1) a) We do OCR Nuffield unfortunately. (I didn't even know there was a London Nuffield - ignorance is bliss I guess). The main reason I did STEP Physics was to counteract the Nuffield style. The calculation is quite ridiculously easy - so easy I was sure it couldn't be right and wasted time checking it.

d) i) I didn't know that formula for capacitance, and it's not on the sheet! How do you define capacitance for isolated objects? My guess is that it is the quantity of excess charge required by an object to carry, in order to raise its potential (that is the gain energy for a uninegative particle starting at from an infinite distance, and ending up at the sphere) to 1V. (Obviously I'm messing around with dimensions here, but that's how they always define things. Resistance is the p.d. required to drive 1A of current through a component. 1st ionisation energy is energy required to remove 1 mol of electrons from 1 mol of gaseous atoms at stp. These statements are both dimensionally incorrect, but standard.)

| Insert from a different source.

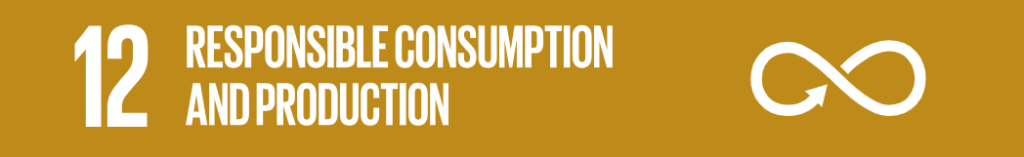 SDG 12: Responsible Consumption and Production ( Tiêu dùng và sản xuất có trách nhiệm)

If indeed that is the correct definition I'll have a go at deriving the formula for the capacitance for a sphere.

2) Very, very fiddly last part. I just hope my time reversibility argument worked.

3) I'm doing 3 for the first time now. iii) 2 - perhaps you could post your reasoning. I make it 8h/l + sqrt(3). Penultimate part - crucial word is friction. I don't understand what the last part is on about. What is a drive shaft and for what purpose does it supply torque?

4) Again, looking at this for the first time. The graph in iii) - is it constant then zero? I'm really not sure about that. b)i)) is just superposition. They really should have used partial derivatives because t is also a factor. (But it may seem comfusing I suppose.)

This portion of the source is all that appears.